**Your goal:**
Starting with the line that has "Murgang am 7." in the records below and stopping after the line that has "Audi RS Q8 SUV performance", output every line exactly and nothing else; skip pictures.

**Records to use:**
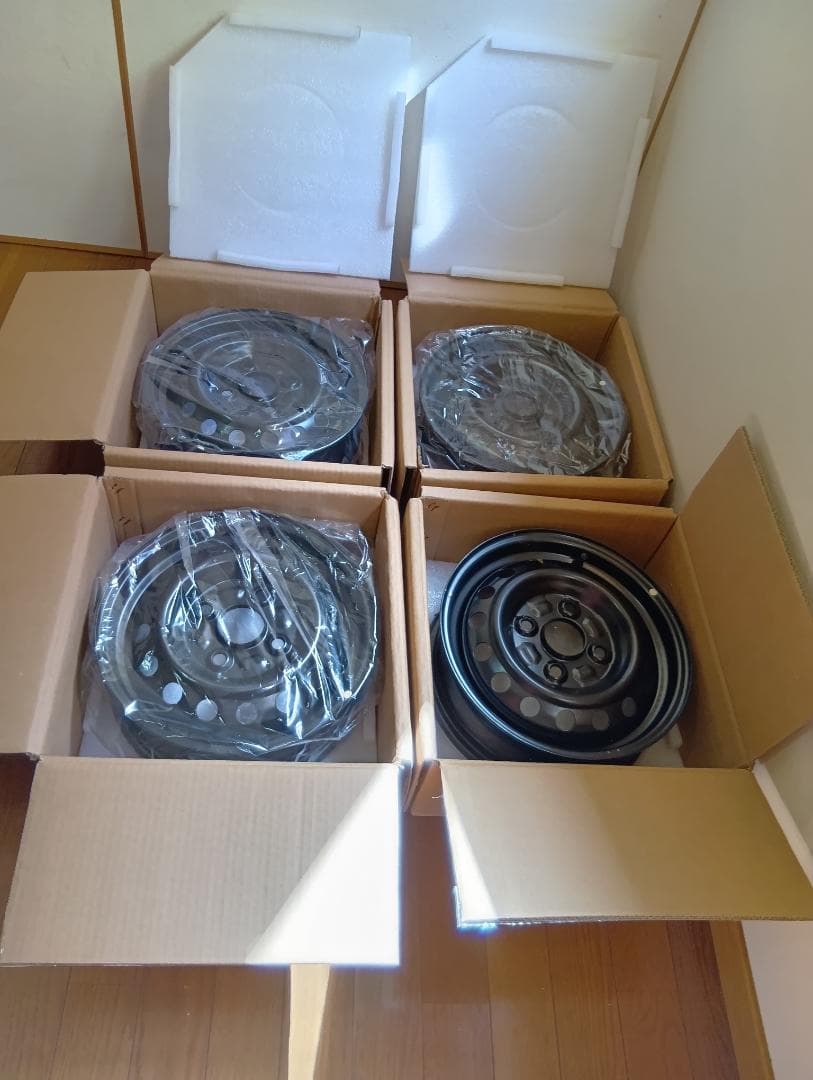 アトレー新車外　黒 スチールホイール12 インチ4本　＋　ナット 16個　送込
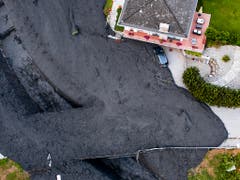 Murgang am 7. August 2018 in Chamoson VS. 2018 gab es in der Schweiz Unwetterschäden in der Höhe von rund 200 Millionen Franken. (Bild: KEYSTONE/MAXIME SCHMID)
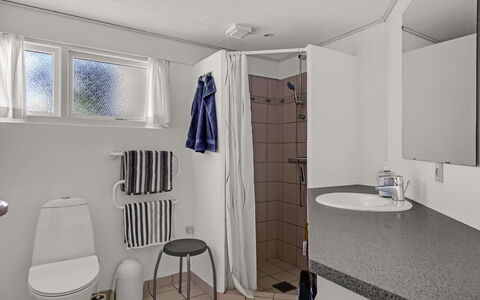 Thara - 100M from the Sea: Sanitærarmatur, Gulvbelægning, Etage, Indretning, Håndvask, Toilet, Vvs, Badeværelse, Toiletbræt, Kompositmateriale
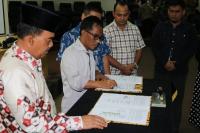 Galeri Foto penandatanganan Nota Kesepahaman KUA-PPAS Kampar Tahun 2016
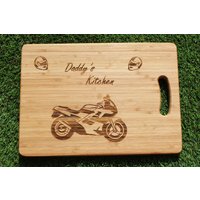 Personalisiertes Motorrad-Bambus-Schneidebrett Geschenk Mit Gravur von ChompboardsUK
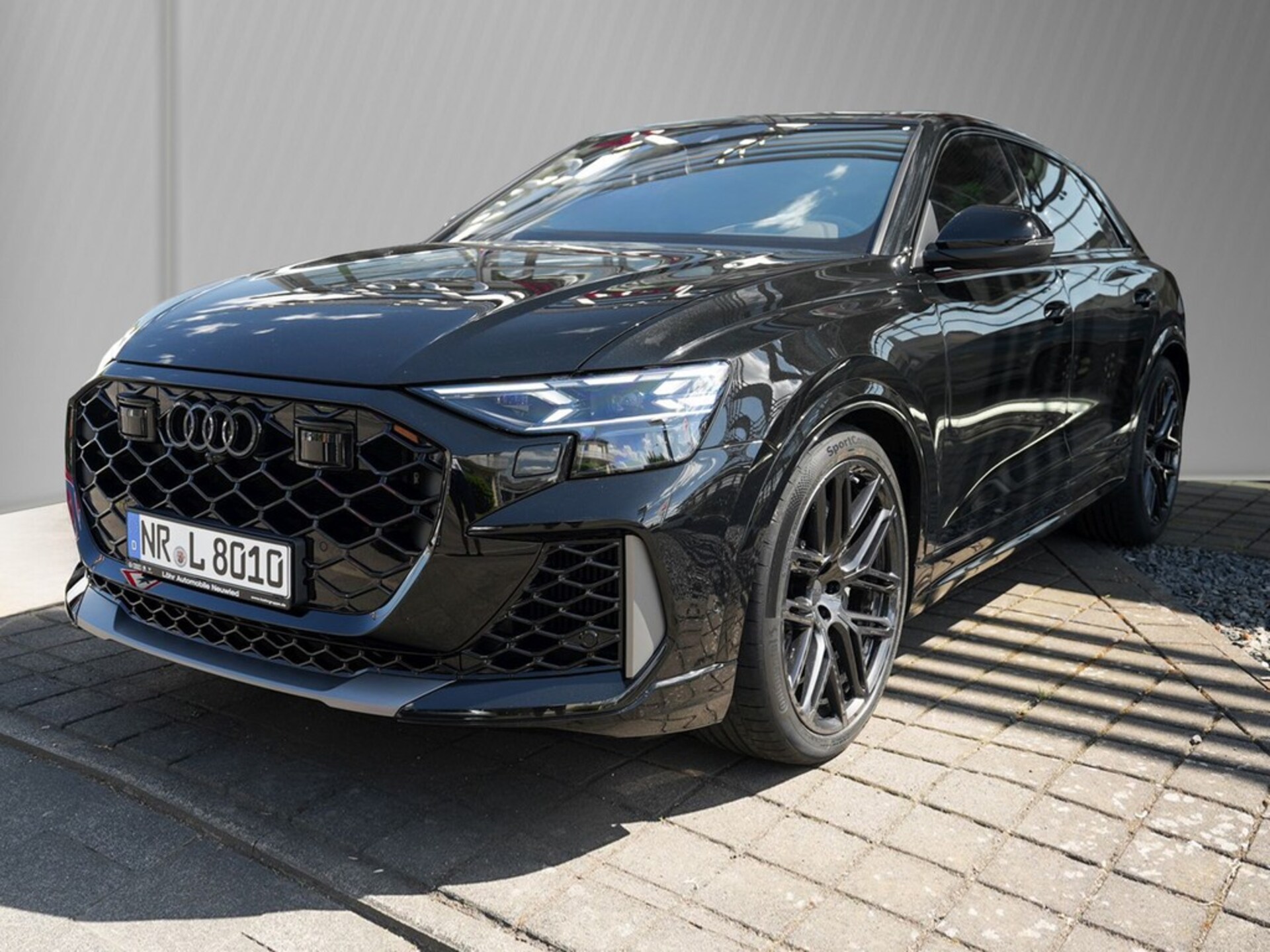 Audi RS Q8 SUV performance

--

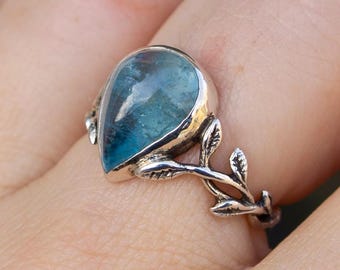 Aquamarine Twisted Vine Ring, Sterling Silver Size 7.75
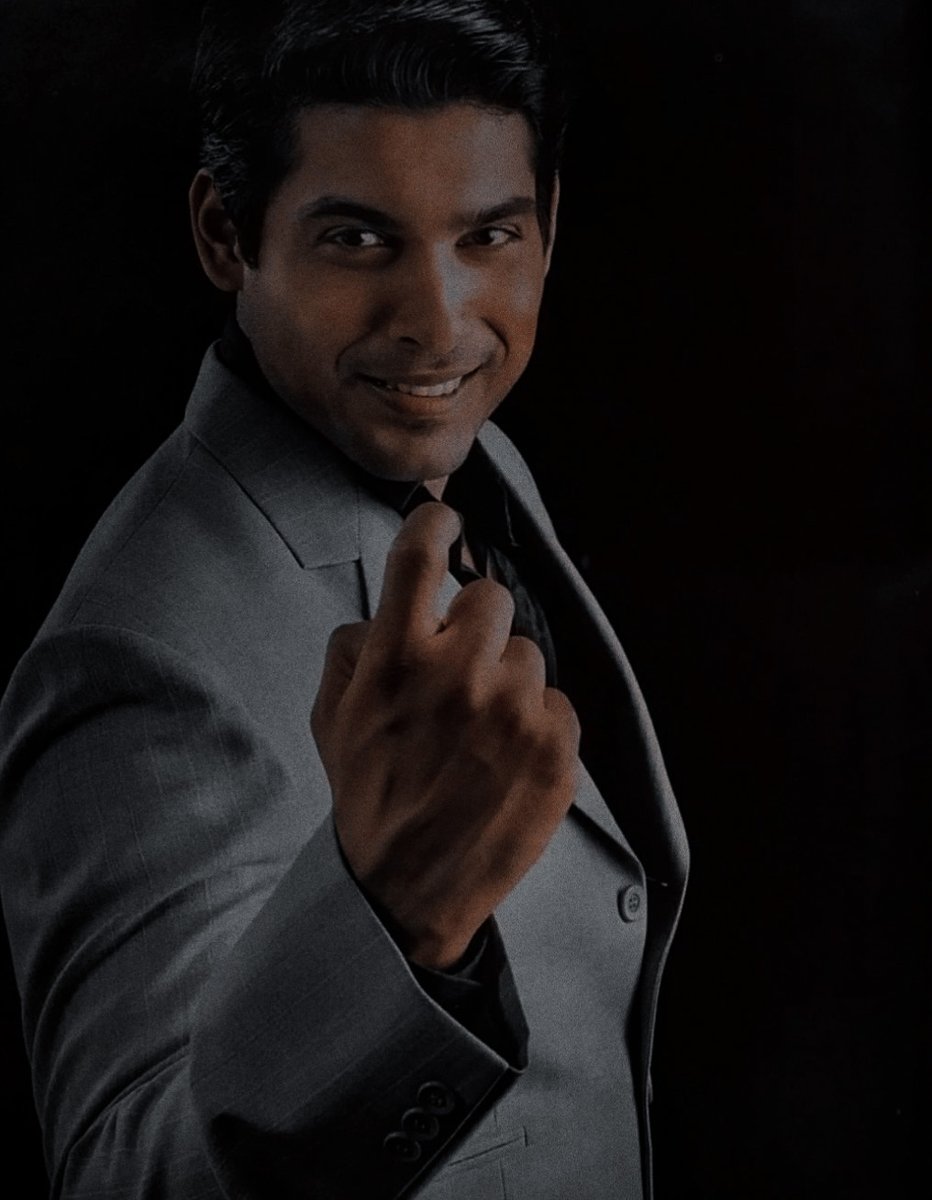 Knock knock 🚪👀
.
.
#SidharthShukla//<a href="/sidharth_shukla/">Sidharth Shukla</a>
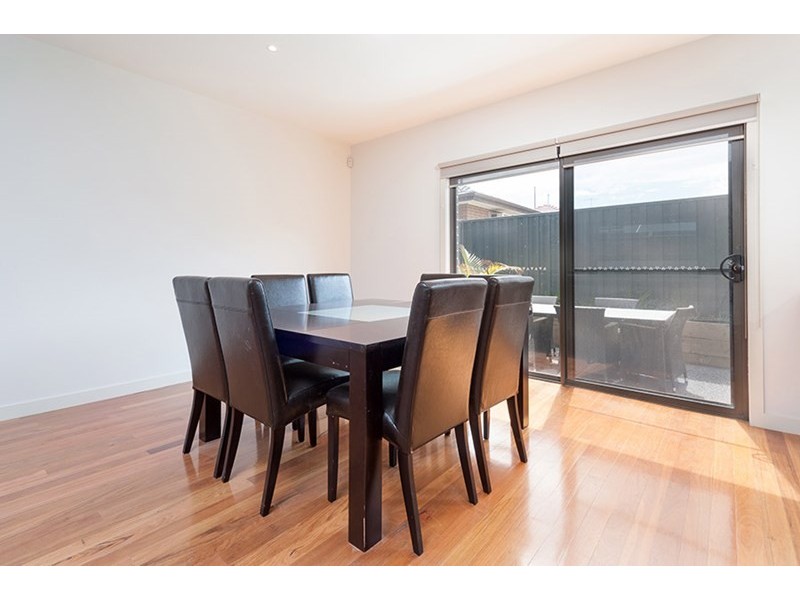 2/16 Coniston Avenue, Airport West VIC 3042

**Written solution:**
 Murgang am 7. August 2018 in Chamoson VS. 2018 gab es in der Schweiz Unwetterschäden in der Höhe von rund 200 Millionen Franken. (Bild: KEYSTONE/MAXIME SCHMID)
 Thara - 100M from the Sea: Sanitærarmatur, Gulvbelægning, Etage, Indretning, Håndvask, Toilet, Vvs, Badeværelse, Toiletbræt, Kompositmateriale
 Galeri Foto penandatanganan Nota Kesepahaman KUA-PPAS Kampar Tahun 2016
 Personalisiertes Motorrad-Bambus-Schneidebrett Geschenk Mit Gravur von ChompboardsUK
 Audi RS Q8 SUV performance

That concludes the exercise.